The elderly migrants are transported to Jewish or ecumenical nursing facilities around Germany upon their arrival.
Around 3,500 young and old Ukrainian Jews have arrived in Germany as of last week, and the government has already provided them a special path to permanent immigration as part of Germany’s continuous attempts to recompense Jews since the Holocaust.
In all, German officials have recorded around 250,000 Ukrainian refugees, however the true figure is likely to be far higher because they do not require a visa to enter.
After a 26-hour journey, Zhuravliova and two other 83-year-old Kyiv survivors, Larisa Dzuenko and Galina Ulyanova, arrived on the outskirts of Frankfurt on Friday and were placed in a nursing facility. A fourth woman was sent to another nursing facility in the city.
Ulyanova, who has been sick for seven years and hasn’t left her eighth-floor flat, had to be carried down the stairs by two men to board an ambulance in Kyiv. Dzuenko, a former engineer with severe diabetes, required IV infusions throughout the long ambulance voyage.
Both Ulyanova and Dzuenko were devastated as children when they were forced to flee the Nazis with their parents.

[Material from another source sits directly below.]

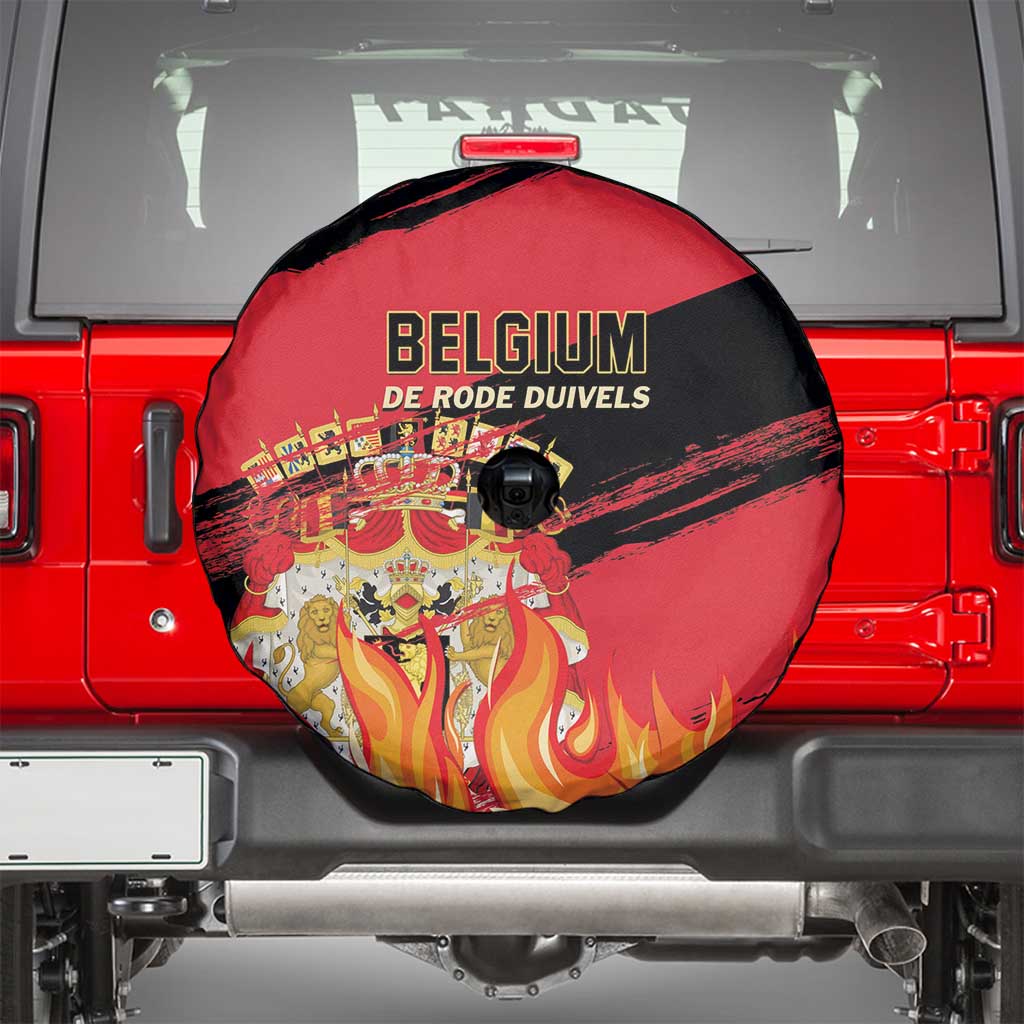 Belgium 2024 Football Spare Tire Cover Go De Rode Duivels - Wonder Print Shop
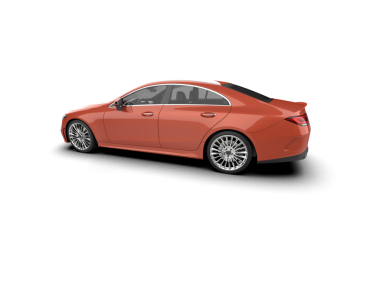 Beyaz arka planda izole edilmiş lüks bir araba. 3d illüstrasyon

Ulyanova and Dzuenko escaped to Kyrgyzstan and Uzbekistan, respectively, before returning to Kyiv.
The three women appeared relieved to be in Germany, sitting around a table with red and yellow tulips in a bright, large room of their nursing home on Sunday.

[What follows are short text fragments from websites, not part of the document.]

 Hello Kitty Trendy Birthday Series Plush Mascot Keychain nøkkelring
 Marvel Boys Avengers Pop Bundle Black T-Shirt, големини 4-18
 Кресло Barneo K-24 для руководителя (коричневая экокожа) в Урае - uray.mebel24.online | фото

“Everyone has been extremely lovely to us here. “The meal is delicious, we are safe, and the staff is quite kind,” Ulyanova, a former nurse, said.
“When I was a small kid, my mother and I had to leave the Germans to Uzbekistan, where we had no food and I was terrified of all those large rats,” Dzuenko, a lady with a fast grin and wide eyes, said. “I’ve always felt the Germans were bad, yet they were the first to reach out to us and save us.”
Despite Germany’s terrible treatment of Jews in the past, Zhuravliova said she was pleased to be in the nation now.
“It appears to me that this country has learnt from its mistakes and is now attempting to do something positive for us,” she remarked.